I mentioned at the top of this post that one of my new DVDs arrived this morning. I received the text alert that Amazon had delivered it this morning; hence, the reason why I went outside at 8 a.m. I received Leslie Sansone’s “Walk It Off in 30 Days” DVD, which I have read really works to help you get in shape quickly. This DVD has two parts, a walking/cardio session followed by a band/weight/mat work session. In short, it has toning and conditioning along with cardio. I heard it was not like her normal DVDs, and the reviews on Amazon were all very solid. Most people said they had lost weight using this DVD, and that they noticed immediate results within just 1-2 weeks.

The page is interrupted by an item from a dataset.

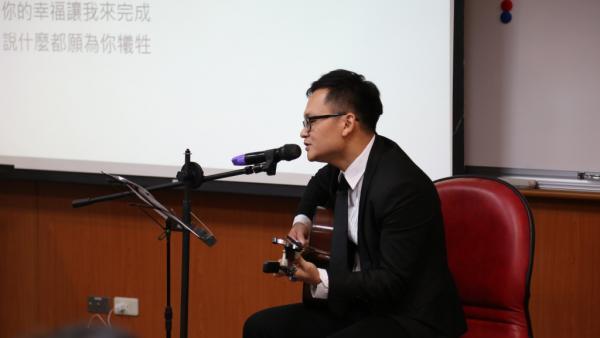 傑出校友領獎兼求婚 導演馬逸騰笑稱「趕進度」（中山新聞）圖片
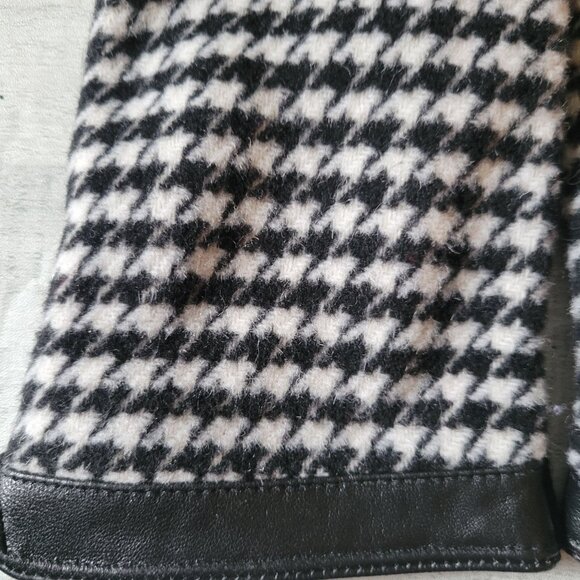 Houndstooth Wool-Blend Touchscreen Gloves For Women - Picture 2 of 4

For now, I am sticking with her “Walk Slim” program. I have made it through two days, and yesterday I kicked butt to get to mile 2. In fact, I probably could have walked through the 3-mile mark, but I didn’t want to overwork my hips. I have hip flexor issues, and I could tell with the workout that I was really feeling soreness right at the front of my hip/thigh groin area. This is something I have to deal with so I will take it slow and walk the 2-miles with Leslie until I feel I can easily and without any soreness move on to mile three. I am content in the fact that I can lose about 100 calories per mile, so once I build some stamina and strength, doing a 4 or 5 mile walk should be all I need to slim down. I mean, if I can burn 400-500 calories per day, and if I can stick to my healthy organic and natural diet plan, I really think I can “walk off the weight” in 10-12 weeks. I would like to be down 2 pant sizes and 20 pounds lighter by the new school year. I will settle for half, if that is all that can be mustered up in the meantime. A 10-pound loss would net me at least one drop in jean size, and perhaps even push me down a little more.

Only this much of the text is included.